◆ What you are asked to do ◆
Only text belongs in your copy of the listing below; reproduce it exactly and leave out the pictures.

═════ Data shown ═════

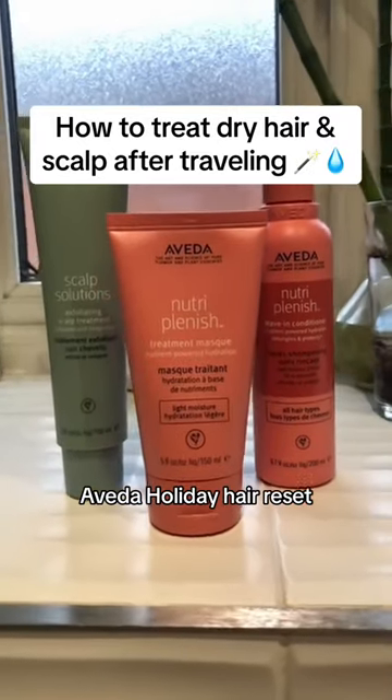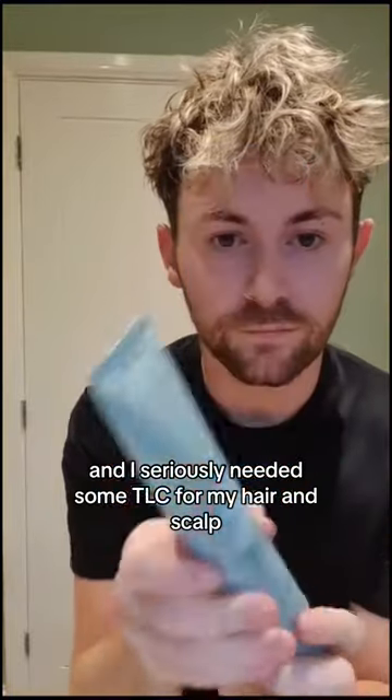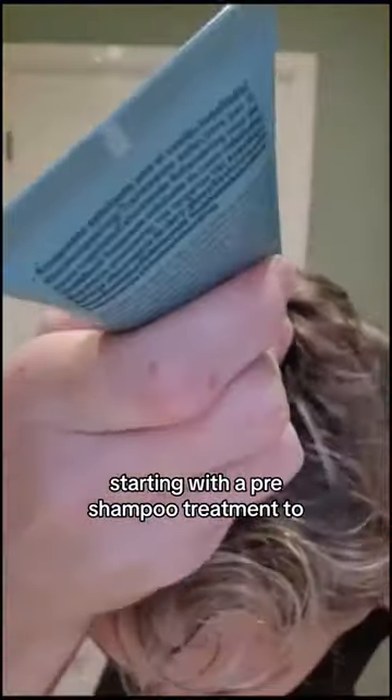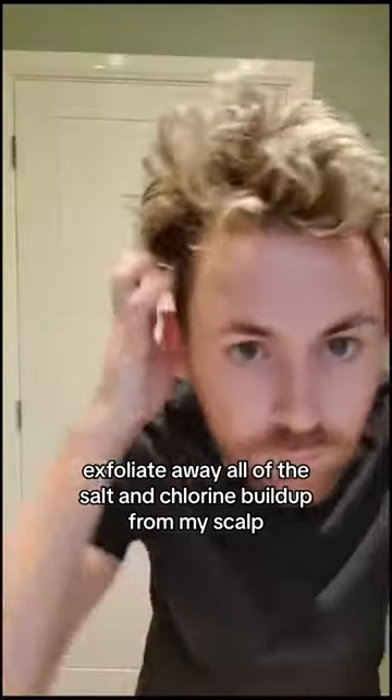Veda holiday hair reset. I'm just back from Spain and seriously needing some TLC for my hair and scalp. Starting with a pre-shampoo treatment to exfoliate away all of the salt and chlorine build-up from my scalp.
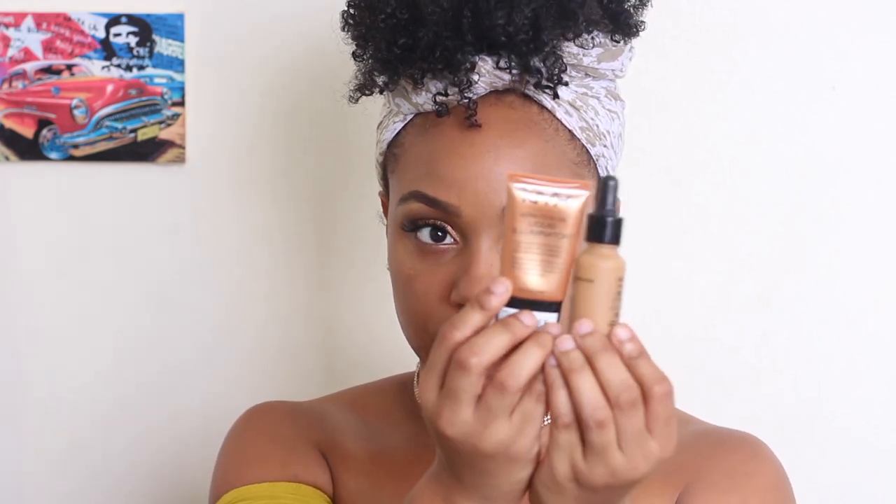Right before I finish up my eyes I like to go in and apply my primer, because when you give your primer some time to set into your skin it works better and your makeup lasts longer. So because we want to be glowy, what I'm gonna do is take my NYX foundation and my NYX liquid illuminator and add both of them to my face and blend them together. I typically go with the illuminator first and put it all over my face.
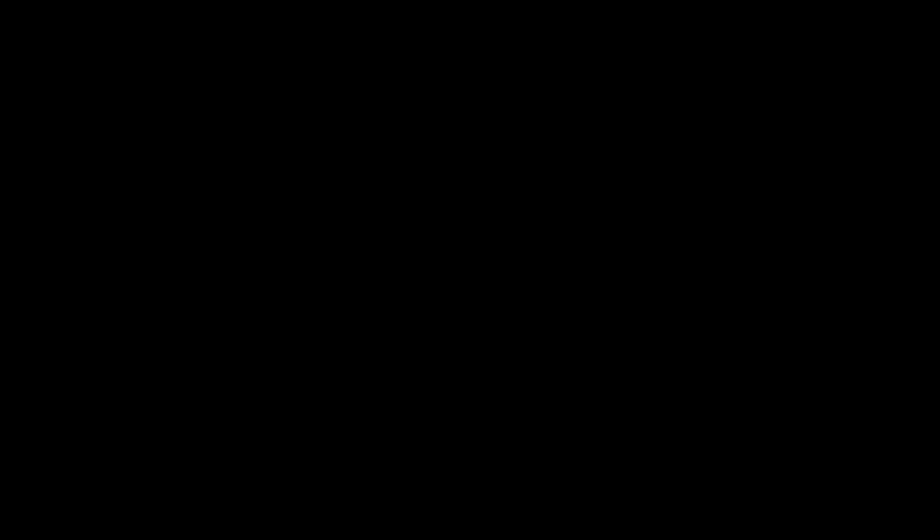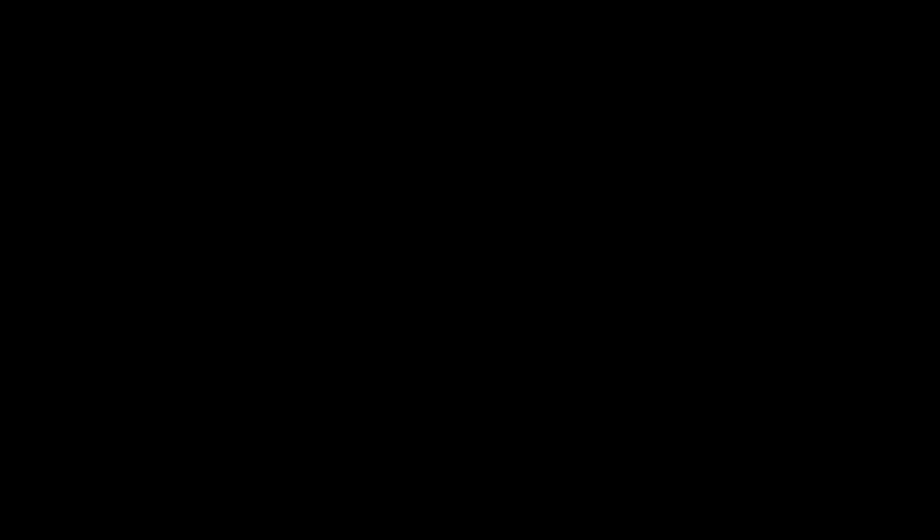That's it for the review — you can't review it until you taste it. Next time, come hang out with me on the next food adventure and I'll show you more delicious foods that you should try. Outlaws Generation out!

═════

◆ Expected answer ◆
Veda holiday hair reset. I'm just back from Spain and seriously needing some TLC for my hair and scalp. Starting with a pre-shampoo treatment to exfoliate away all of the salt and chlorine build-up from my scalp.
Right before I finish up my eyes I like to go in and apply my primer, because when you give your primer some time to set into your skin it works better and your makeup lasts longer. So because we want to be glowy, what I'm gonna do is take my NYX foundation and my NYX liquid illuminator and add both of them to my face and blend them together. I typically go with the illuminator first and put it all over my face.
That's it for the review — you can't review it until you taste it. Next time, come hang out with me on the next food adventure and I'll show you more delicious foods that you should try. Outlaws Generation out!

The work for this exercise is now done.